We can't avoid every problem but we could at least let the user have a mean to give object priority for this sort order. Plus we should sort them by distance to the camera by default.
We could also for completeness introduce a Modulate/Multiply Blend mode that darkens the scene. This would mimic the behaviour of the transparent shader in Cycles.
https://www.opengl.org/discussion_boards/showthread.php/144760-Blending-Mode?p=1038945&viewfull=1#post1038945
8. Post drawing
We have to save the pre tonemaped HDR color buffer for the SSR of the next frame.
Then Use a tonemapper operator (we can use OIIO for that) to map HDR to LDR.
Then pass the frame to the Compositor.
And all eye candy effect will be handle there but that's not the scope of PBR itself.
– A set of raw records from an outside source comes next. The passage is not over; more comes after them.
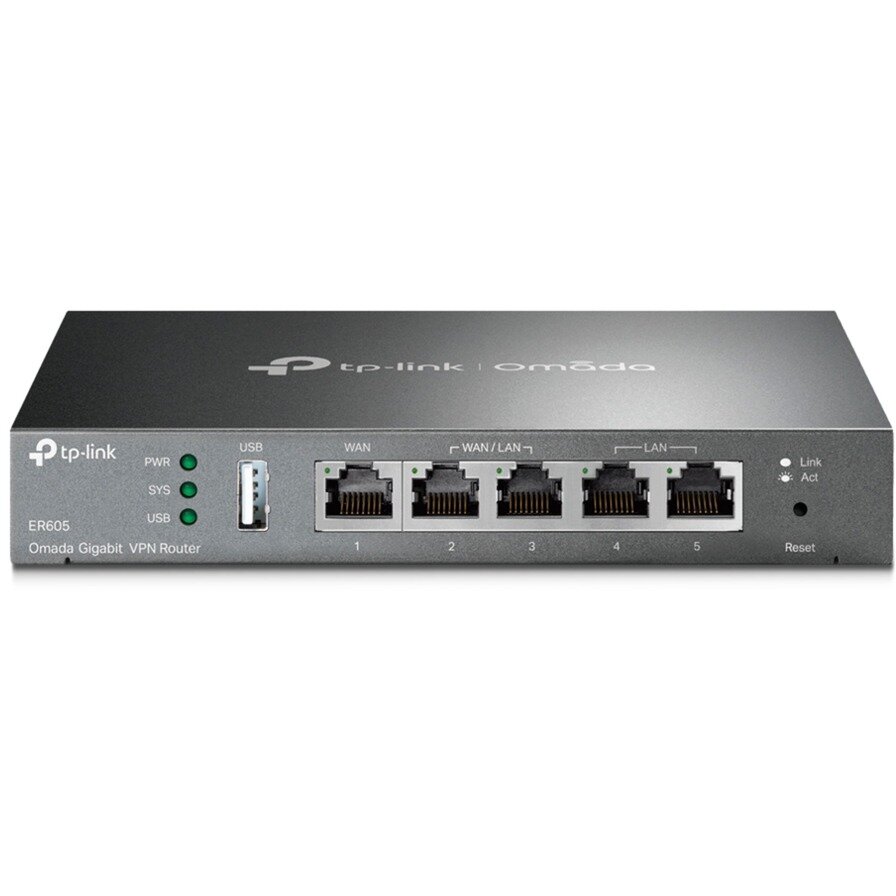 Accesoriu server ER605 SafeStream, router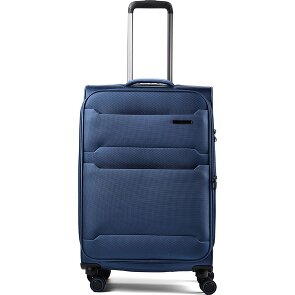 Cocoono Mauritius 4 ruote Carrello M 70 cm con piega di espansione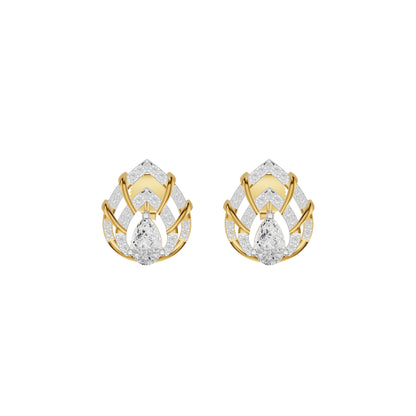 DER001560 18 KT / Yellow Gold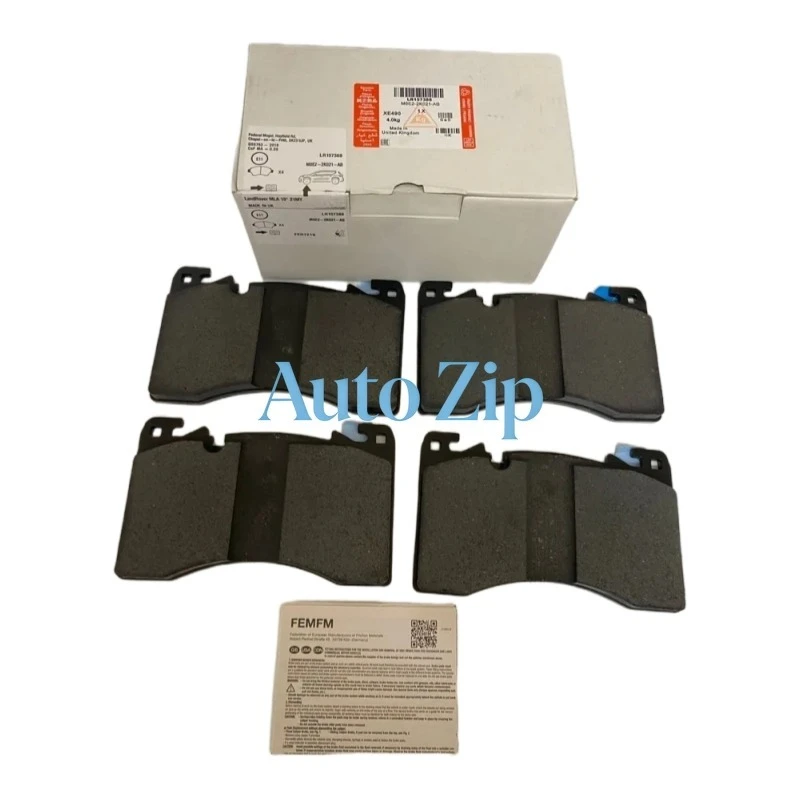 랜드로버 레인지로버 L460, 스포츠 L461 LR157388용 OEM 브레이크 패드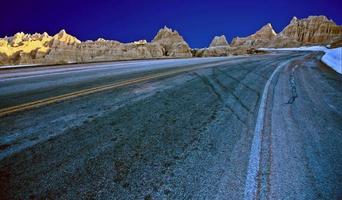 South Dakota Badlands foto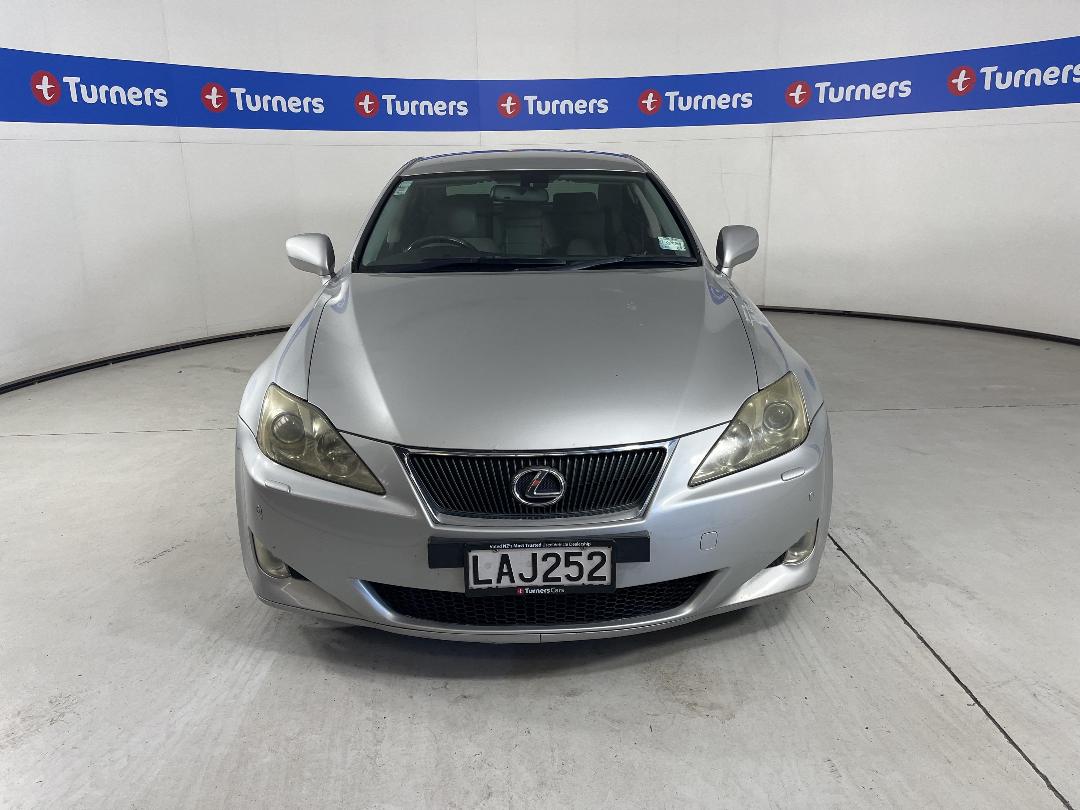 Photo '2' of Lexus IS250 Photo '2' of Lexus IS250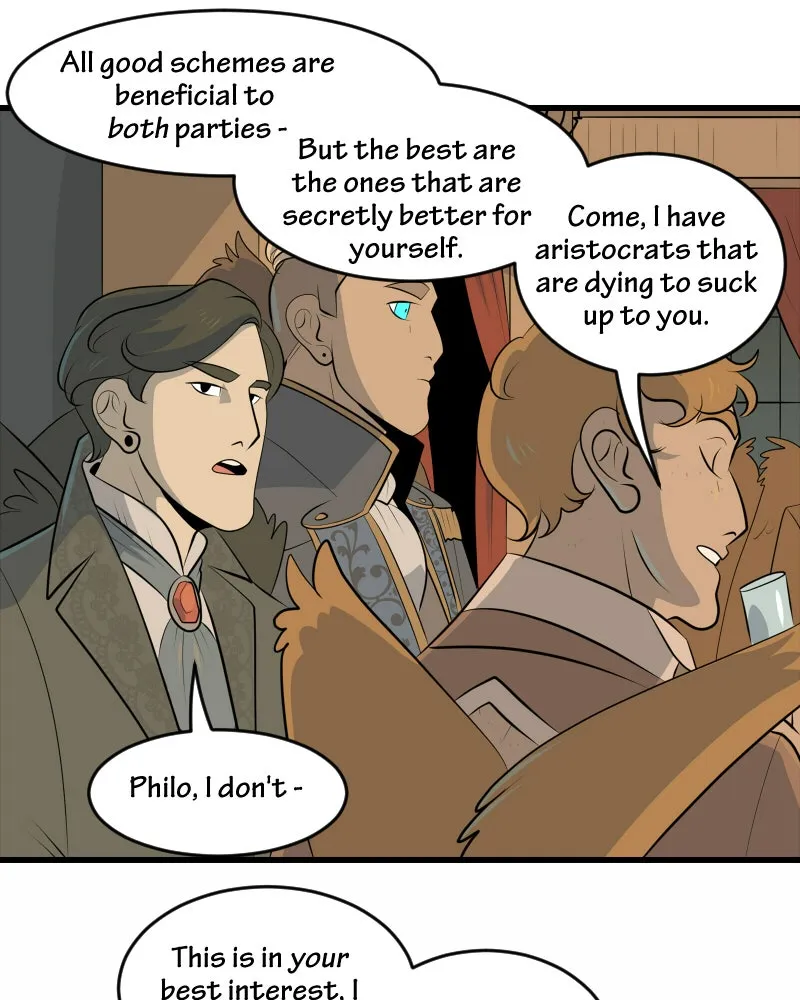 The Croaking Chapter 278 page 8 - 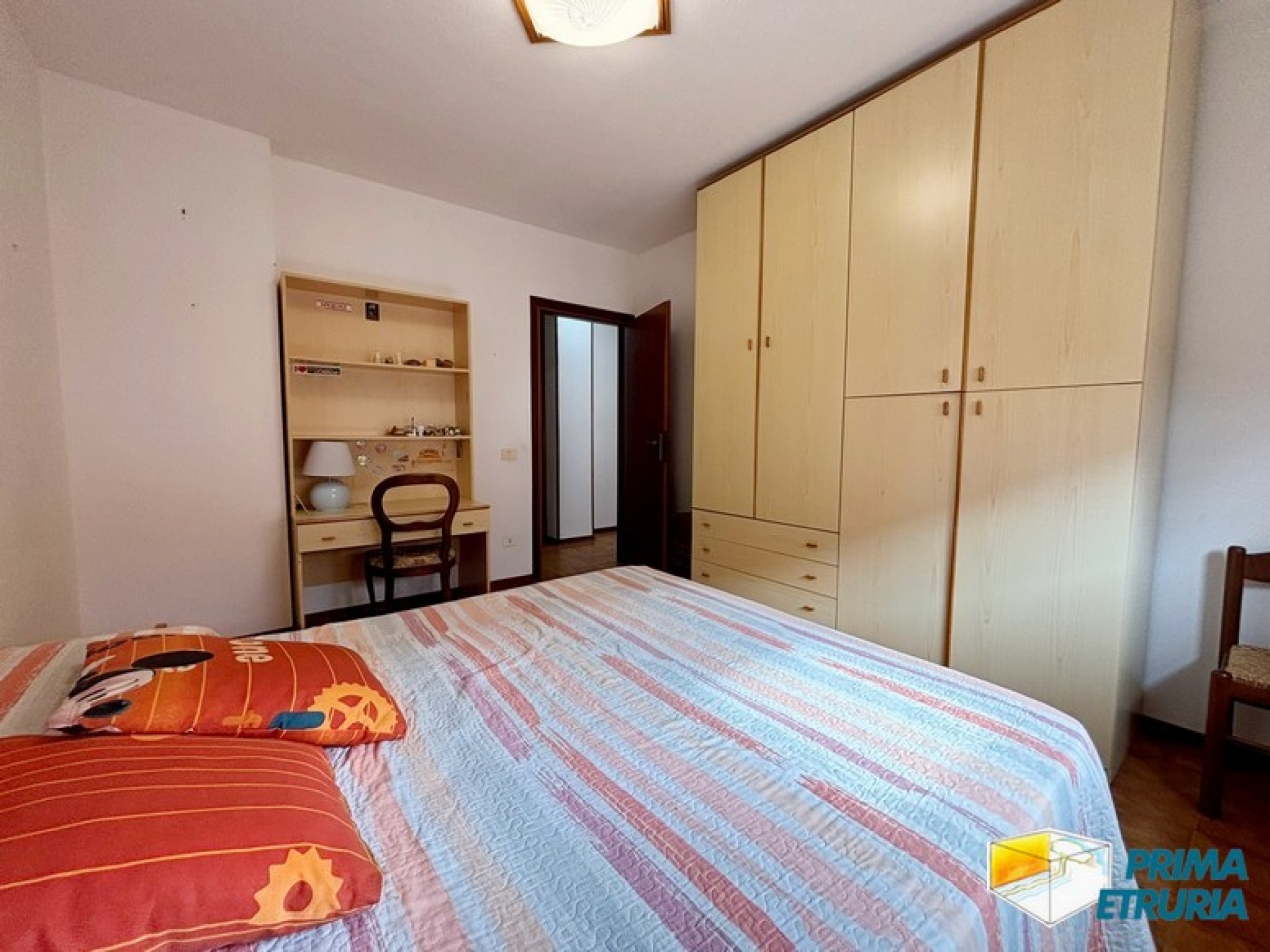 Ampio appartamento con terrazza abitabile e garage - ZONA TOMBOLO -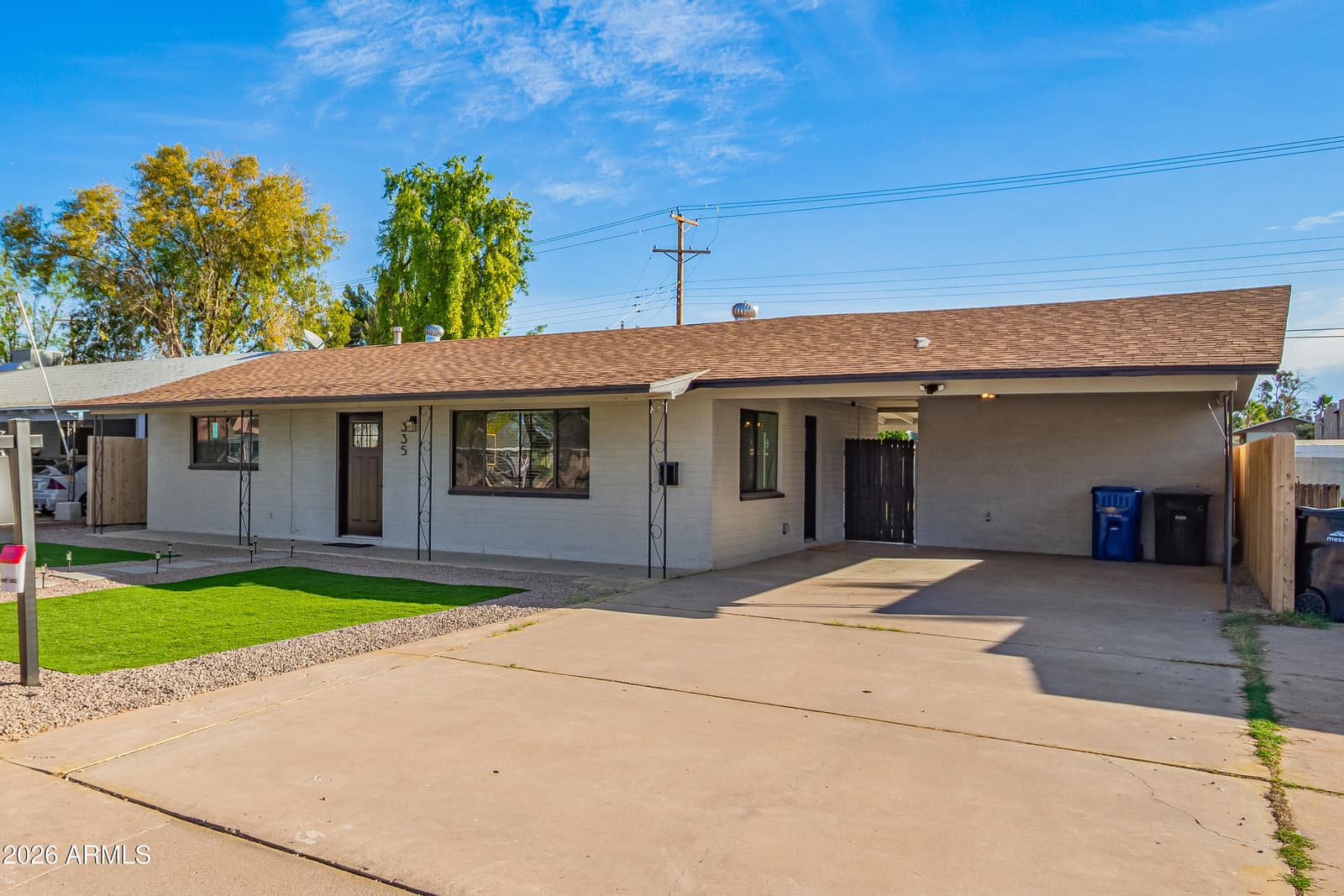 335 S Harris Drive, Mesa, AZ 85204 — photo 1 of 31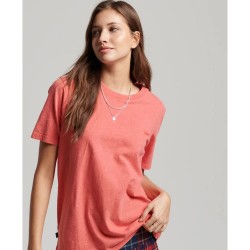 тениска,дамски,тениски,superdry,vintage,logo,emb,t,shirt,pink,(coral,marl)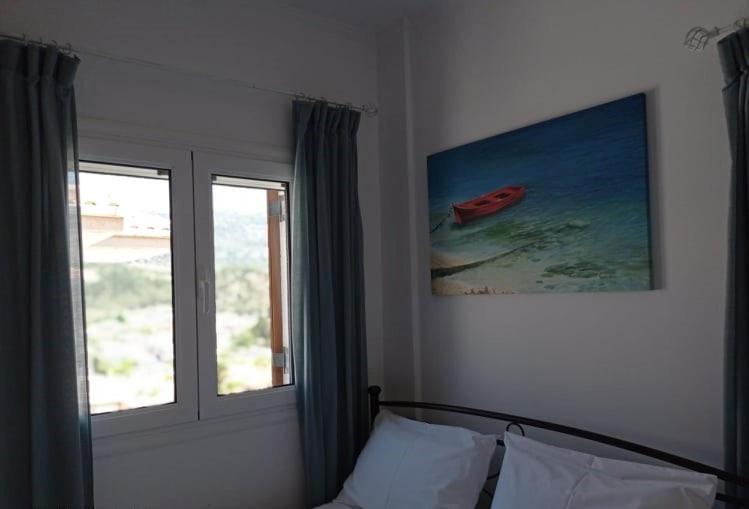 Hermes Holiday Home In The Port Of Sivota Ngoại thất bức ảnh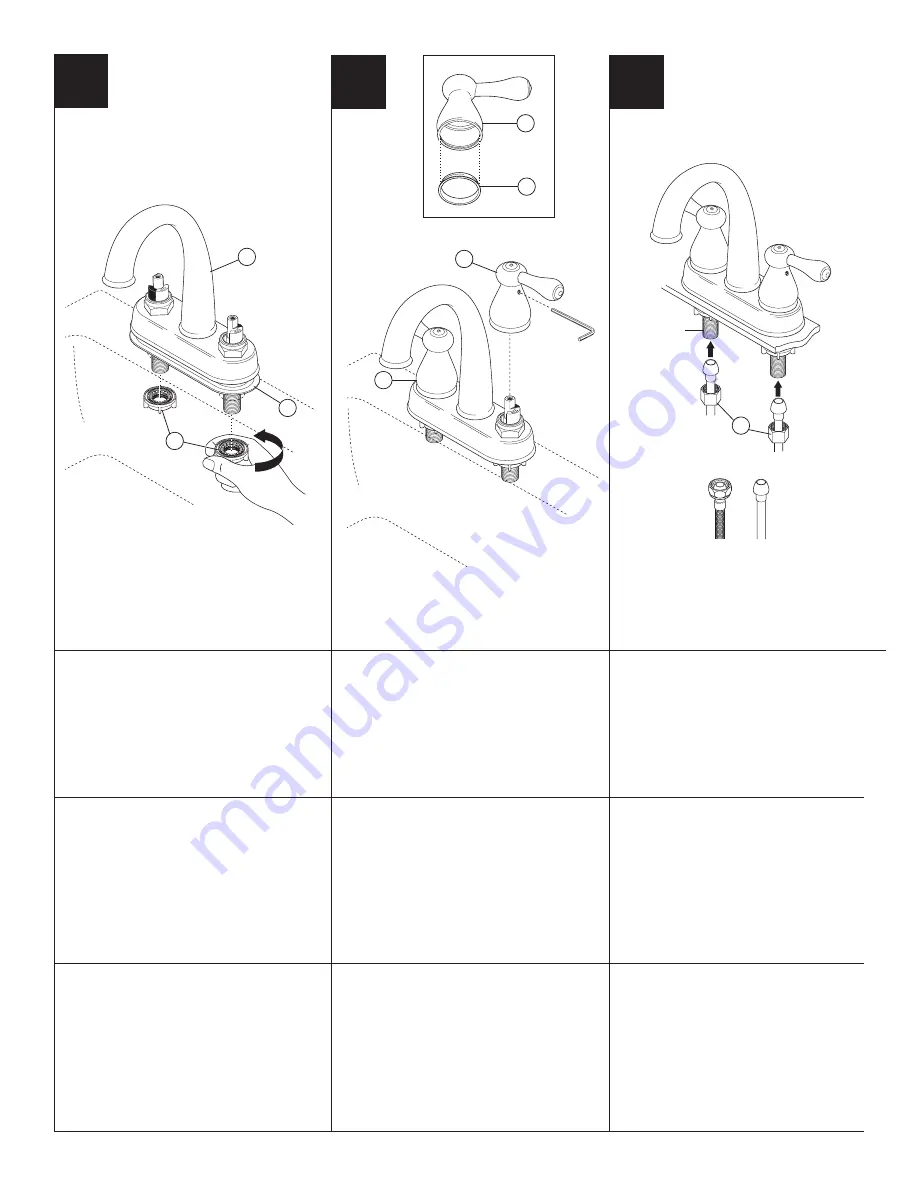 Delta 25975 Series Installation Manual Download Page 2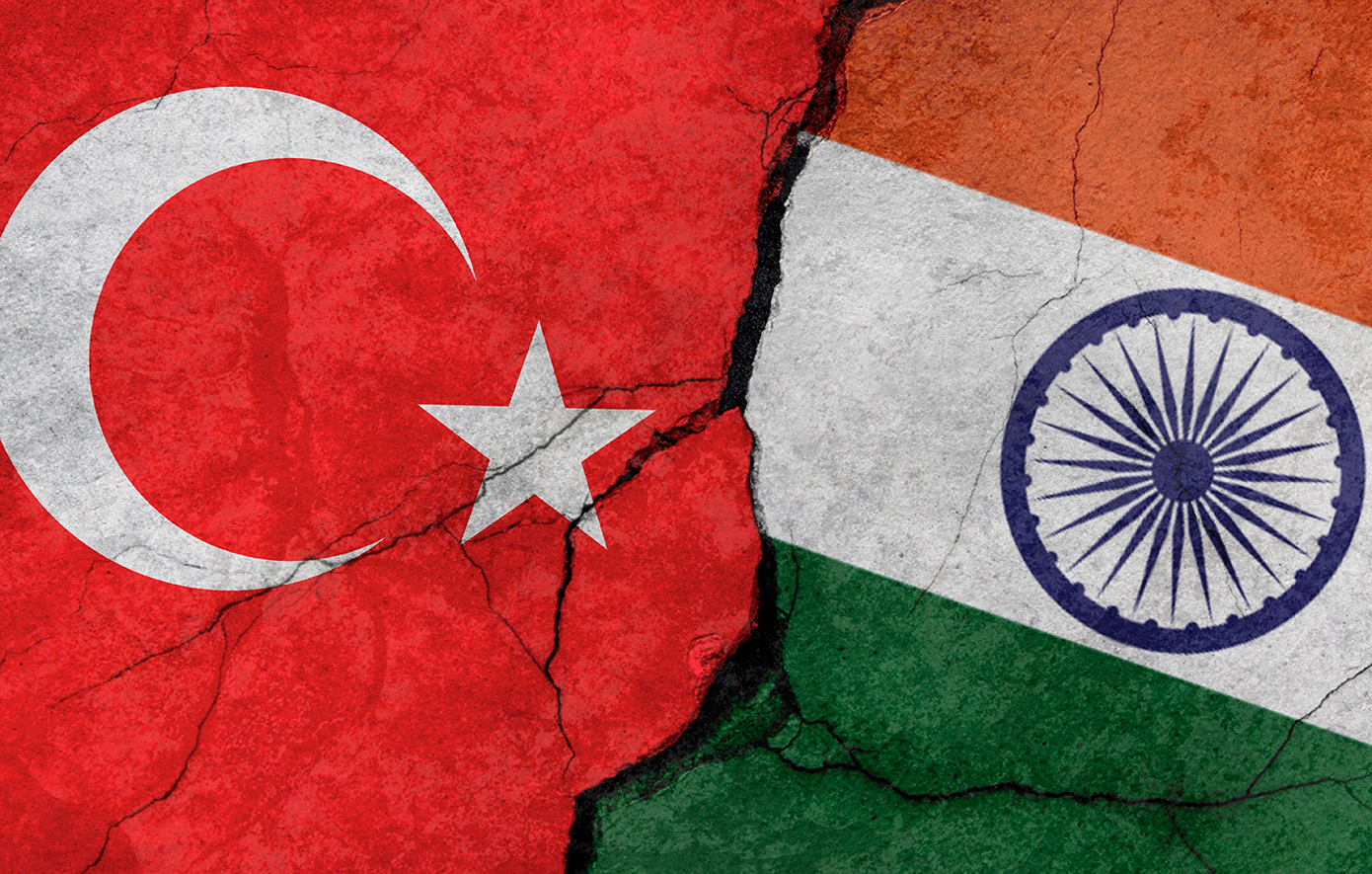 Η Τουρκία διαψεύδει ότι βρίσκεται πίσω από την τρομοκρατική επίθεση στο Δελχί που σκότωσε 12 άτομα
Bloom and camera motion blur should be easy to do.
Technical Details
Minor Features / Improvement Ideas :
-Time parameter or a Frame number variable that gets updated by shader uniforms. This way we could have pretty simple way to animate shader.
-The Displace output could be used as Vertex Position Offset along their normal inside the vertex shader.
-Debug pass : As in cycles we should have a mean to isolate lighting components either for compositing or debugging. Like Diffuse/Glossy/Transmission/Emission. Maybe MRT could be our friend here.
-Cubemap Storage : This is a point of concern. Do we save the cubemaps ? Where ? If they are fast to recompute then I think it's not worth it. We should however, be capable of exporting the generated cubemaps. But custom/exported cubemaps should not contains the prefiltered mipmaps.
-Faster Compilation time / async : Do not let some slow action freeze blender's UI. Like shader compilation or cubemap prefiltering.
-Separate shader file : We should organize the glsl Shading code into more little files that would be stitched together when starting blender. That way everything works as intended. Translucency & subsurface still need to be investigated.
-Unlock getting HDR output for compositing.
Planning
I will separate the whole work into chunks that can be reviewed easily. Also sorted by priority from a user/dev perspective.
- Add a button / interface that enable the new high quality shading mode. My initial Idea was to use a checkbox when in material shading mode when under cycles render engine.
- Unclamp Hdr textures inside gpu_draw.c
- Add a bsdf interface inside gpu_material.c.
- Add a file that handles all probe specific function gpu_probe.c
- Add a function that renders the world probe (view3d_draw.c)
- Split Glsl shading files
- Add spherical harmonics computation
- Add the filtered importance sampling inside the brdfs.
- Add scene lamps loop. Add basic lighting functions.
- Add support for LUTs
- Add support for LTC (ggx area light)
- Add prefiltered Cubemap
- Add Object probes
- Add prepass depth and backface
- Add Ambient Occlusion (will bypass the post process one when in high quality mode)
- Add temporal reprojection of last frame inside a reflection buffer and preblur it
- Add HiZ Cone traced reflections
- Add planar reflections
Architecture
- gpu_pbr.c : Contains all functions related to screen buffers and the GPUPBR that holds the LUTs and screen buffers texutres that the view3D needs.
- gpu_probe.c : Contains all functions related to probes rendering, filtering, and spherical harmonics computations. Define the GPUProbe type and create the probes.
- gpu_material.c : Add all light functions logic with light node tree injection and Bsdfs interface. Also contains the binding of PBR related textures used in the shader.
- view3d_draw.c : Add all probe and buffer rendering / refreshing logic. gpu_pbr_update is call before drawing a frame and take care that all probes are updated.
- gpu_texture.c : Add LUTs creation and Cubemap creation.